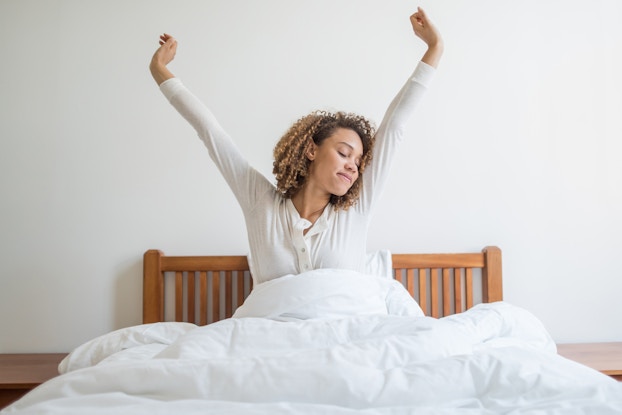  Woman stretching while waking up in bed.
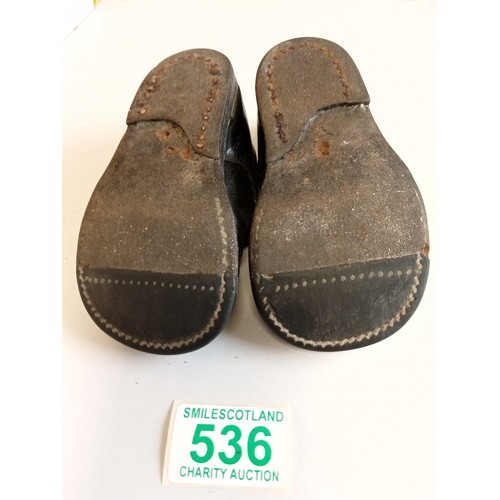 536 - A pair of vintage childs shoes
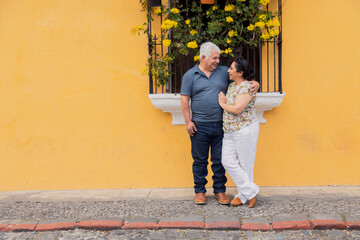 Obraz na płótnie Canvas Adult couple embracing looking at each other on a yellow wall with flowers in Antigua Guatemala- Senior couple in love on vacation in colonial city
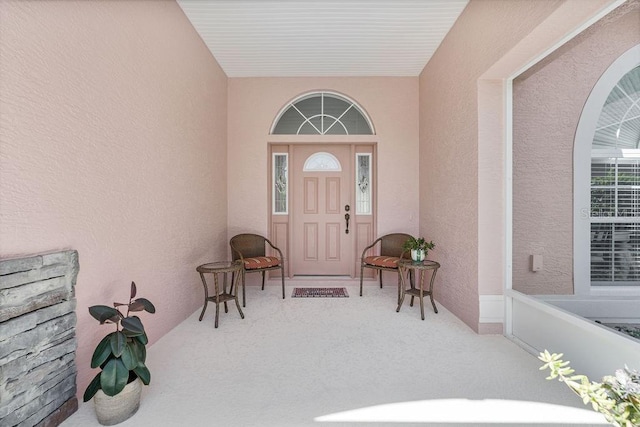 property entrance with stucco siding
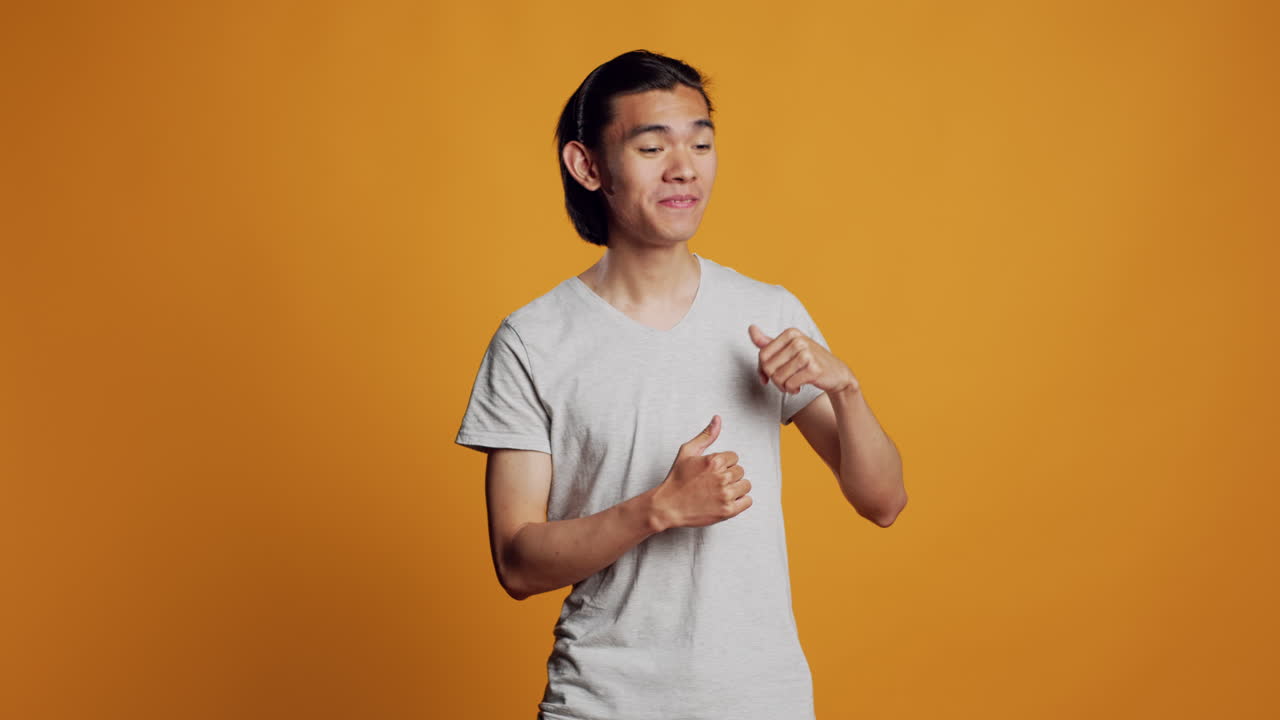 Cheerful guy showing groovy dance moves in studio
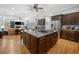 Spacious open kitchen featuring a central island with a cooktop and seating, adjacent to a cozy living area at 77 Streater Ln., Pawleys Island, SC 29585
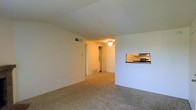 This single-floor space features an open living area finished with wall-to-wall carpet in a neutral beige tone, creating a clean and understated foundation throughout. The living room is generously proportioned, with smooth white walls and a textured ceiling that add a simple, classic character to the space. A ceiling fan is mounted overhead in the adjoining area, providing both ventilation and a subtle focal point. Natural airflow is supported by a visible floor vent along the baseboard. A defining architectural feature is the pass-through window cut into the wall between the living area and the kitchen, allowing visual connectivity between the two spaces without fully opening the floor plan. The kitchen, glimpsed through this opening, includes cabinetry in a light finish and a dark countertop, suggesting a compact but functional cooking space. A doorway visible in the background leads further into the unit, hinting at additional rooms beyond. The overall ambiance is neutral and move-in ready, with a practical layout that emphasizes efficient use of space and ease of flow between the living and kitchen areas.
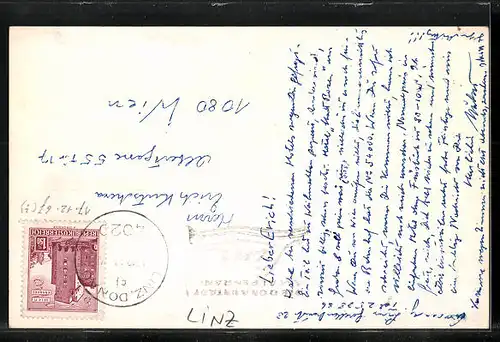 AK Linz a. D., Ortspartie mit Denkmal und Weihnachtsbaum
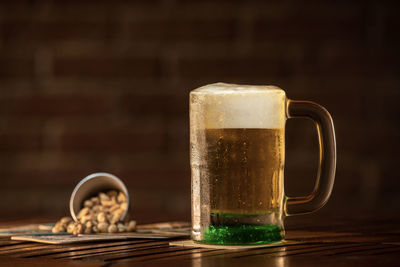 Close-up of beer glass on table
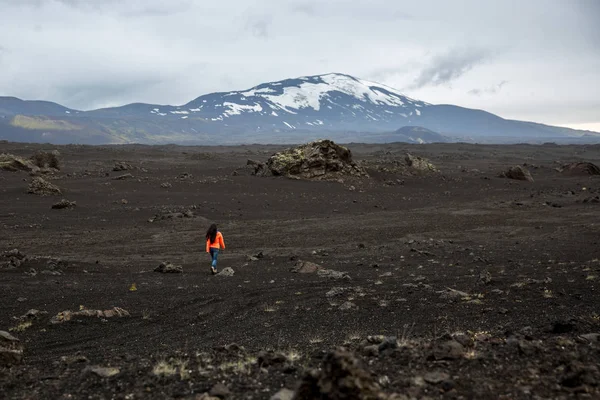 Una ragazza con una giacca arancione cammina attraverso un campo di lava bruciato — Foto Stock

.....

- [PROBLEM]:
Retype all entries exactly, without the images.

- [ANSWER TO THIS TASK]:
  Woman stretching while waking up in bed.
 536 - A pair of vintage childs shoes
 Obraz na płótnie Canvas Adult couple embracing looking at each other on a yellow wall with flowers in Antigua Guatemala- Senior couple in love on vacation in colonial city
 property entrance with stucco siding
 Cheerful guy showing groovy dance moves in studio
 Spacious open kitchen featuring a central island with a cooktop and seating, adjacent to a cozy living area at 77 Streater Ln., Pawleys Island, SC 29585
 This single-floor space features an open living area finished with wall-to-wall carpet in a neutral beige tone, creating a clean and understated foundation throughout. The living room is generously proportioned, with smooth white walls and a textured ceiling that add a simple, classic character to the space. A ceiling fan is mounted overhead in the adjoining area, providing both ventilation and a subtle focal point. Natural airflow is supported by a visible floor vent along the baseboard. A defining architectural feature is the pass-through window cut into the wall between the living area and the kitchen, allowing visual connectivity between the two spaces without fully opening the floor plan. The kitchen, glimpsed through this opening, includes cabinetry in a light finish and a dark countertop, suggesting a compact but functional cooking space. A doorway visible in the background leads further into the unit, hinting at additional rooms beyond. The overall ambiance is neutral and move-in ready, with a practical layout that emphasizes efficient use of space and ease of flow between the living and kitchen areas.
 AK Linz a. D., Ortspartie mit Denkmal und Weihnachtsbaum
 Close-up of beer glass on table
 Una ragazza con una giacca arancione cammina attraverso un campo di lava bruciato — Foto Stock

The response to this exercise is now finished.